When are Categorical Properties of Maps Preserved Under An Adjoint Isomorphism? Suppose that we a functor $F : \mathcal{A} \to \mathcal{B}$. Then we say that a functor $G : \mathcal{B} \to \mathcal{A}$ is right-adjoint to $F$ if $\operatorname{Hom}_{\mathcal{B}}(F(A),B) \cong \operatorname{Hom}_{\mathcal{A}}(A,G(B))$ for all objects $A \in \mathcal{A}$, $B \in \mathcal{B}$.
I am interested in whether the "adjoint isomorphism" $\operatorname{Hom}_{\mathcal{B}}(F(A),B) \cong \operatorname{Hom}_{\mathcal{A}}(A,G(B))$ necessarily preserves any categorical properties of the maps in either Hom set.

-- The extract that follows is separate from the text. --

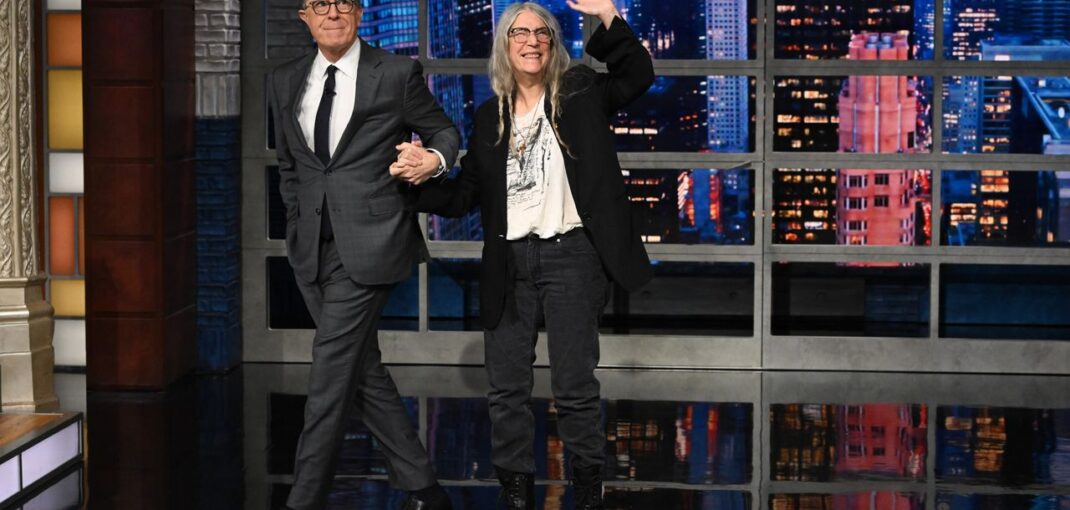 Patti Smith Talks New Memoir, Performs “Peaceable Kingdom” on Colbert: Watch Patti Smith Talks New Memoir, Performs “Peaceable Kingdom” on Colbert: Watch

That is to say, if we explicitly label the adjoint isomorphism
$$
\vartheta : \operatorname{Hom}_{\mathcal{B}}(F(A),B) \overset{\cong}{\to}\operatorname{Hom}_{\mathcal{A}}(A,G(B)),
$$
then can we say if, or when it is the case, that a map $(F(A) \overset{T}{\to} B) \in \operatorname{Hom}_{\mathcal{B}}(F(A),B)$ has categorical property X if and only if $(A \overset{\vartheta(T)}{\to} G(B)) \in \operatorname{Hom}_{\mathcal{A}}(A,G(B))$ has the same categorical property X?
By this question, we know that the adjoint isomorphism does not neccesarily preserve epimorphisms, so we can exclude this from being a candidate property X. However are there any other properties that are conserved?

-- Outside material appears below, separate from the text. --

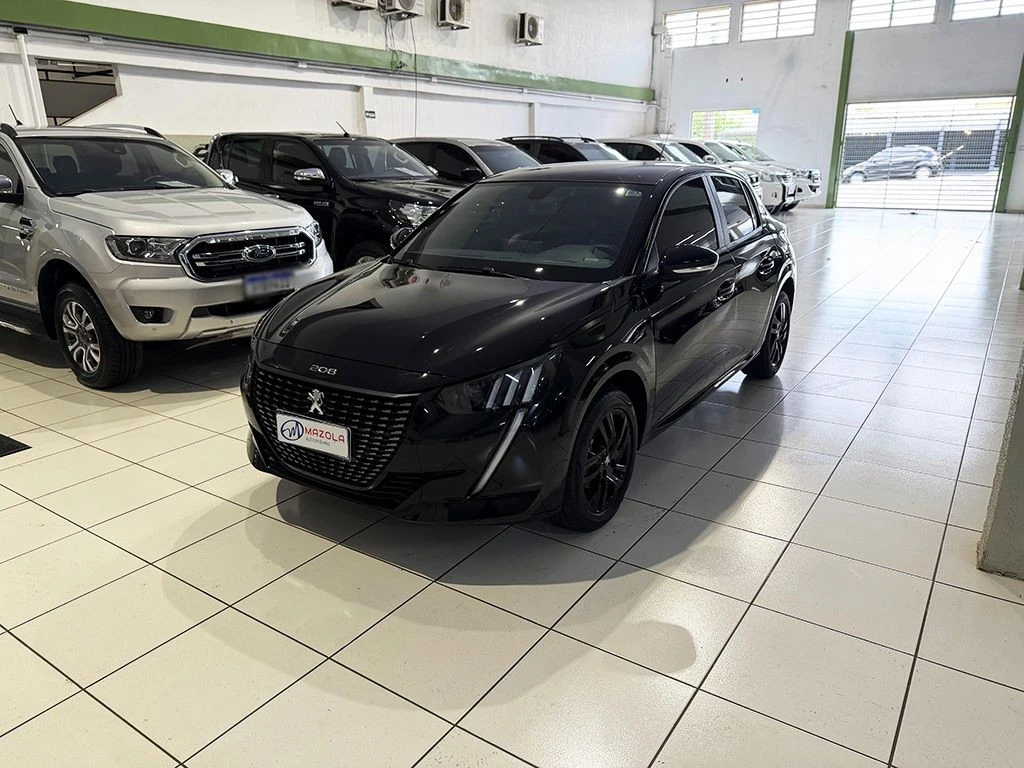PEUGEOT 208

Failing this, can we impose extra conditions (exactness?) on $F$ and $G$ that would allow certain properties to be conserved?

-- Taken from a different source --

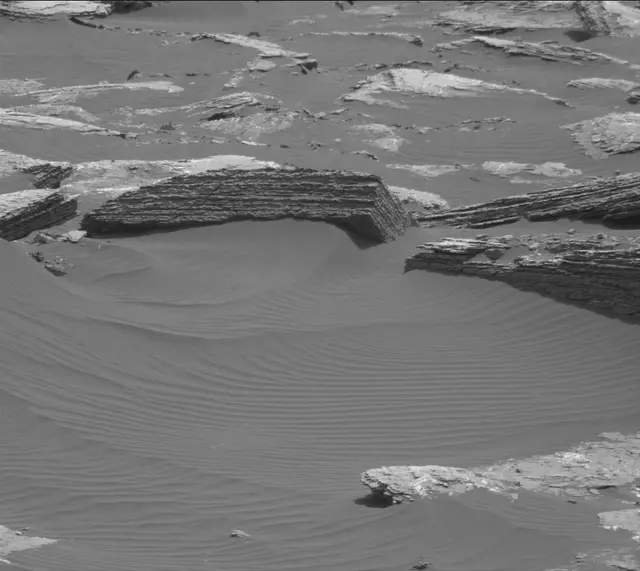 Sol 1644: Mast Camera (Mastcam)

For context, I am typically concerned with functors between module categories, and in particular induction / restriction (or similar adjoint pairs).
 A: (Note that in the definition, there should be a "naturally in $A,B$")
The answer is that usually they don't, and the context of induction/restriction adjunctions is the perfect place to put all of these to the test and see that they mostly fail.
For instance say you have a ring map $A\to B$ and are looking at extension/restriction of scalars; I will let $U$ denote the forgetful functor.
Then

$f$ can be an isomorphism without its adjoint being one.

Example : take $A\to UB$ : this is clearly not an isomorphism in general (it is one if and only if $A\to B$ is one); however its adjoint is $B\cong B\otimes_A A\to B$ which is an isomorphism.
Dually, if you take $UB\to UB$, this is an isomorphism of $A$-modules, but its adjoint $B\otimes_A B\to B$ is not necessarily one (it will be if $A\to B$ is a localization or a quotient for instance, but not for general ring maps)
As you can see, there's no reasonable general condition you can impose on $A\to B$ for this to hold, and "$f$ is an isomorphism" is one of the most basic categorical property.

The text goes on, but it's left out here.